_Exercise data_:
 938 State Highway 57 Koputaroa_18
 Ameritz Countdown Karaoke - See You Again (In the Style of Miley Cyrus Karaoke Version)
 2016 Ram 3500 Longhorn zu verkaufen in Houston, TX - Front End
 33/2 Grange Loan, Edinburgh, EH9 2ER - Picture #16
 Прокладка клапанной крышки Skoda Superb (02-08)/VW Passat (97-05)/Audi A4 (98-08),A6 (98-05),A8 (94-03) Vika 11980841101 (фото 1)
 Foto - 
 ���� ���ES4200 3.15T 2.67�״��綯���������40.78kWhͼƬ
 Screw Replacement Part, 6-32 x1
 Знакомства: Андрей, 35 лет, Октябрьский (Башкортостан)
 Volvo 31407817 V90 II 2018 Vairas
--
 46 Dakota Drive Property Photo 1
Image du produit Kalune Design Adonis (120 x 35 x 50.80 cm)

_Exercise prompt_: Only the lines from the one containing "938 State Highway 57 Koputaroa_18" through the one containing "Volvo 31407817 V90 II 2018 Vairas" are to be retyped, both boundary lines included, with no other material.

_Answer_:
 938 State Highway 57 Koputaroa_18
 Ameritz Countdown Karaoke - See You Again (In the Style of Miley Cyrus Karaoke Version)
 2016 Ram 3500 Longhorn zu verkaufen in Houston, TX - Front End
 33/2 Grange Loan, Edinburgh, EH9 2ER - Picture #16
 Прокладка клапанной крышки Skoda Superb (02-08)/VW Passat (97-05)/Audi A4 (98-08),A6 (98-05),A8 (94-03) Vika 11980841101 (фото 1)
 Foto - 
 ���� ���ES4200 3.15T 2.67�״��綯���������40.78kWhͼƬ
 Screw Replacement Part, 6-32 x1
 Знакомства: Андрей, 35 лет, Октябрьский (Башкортостан)
 Volvo 31407817 V90 II 2018 Vairas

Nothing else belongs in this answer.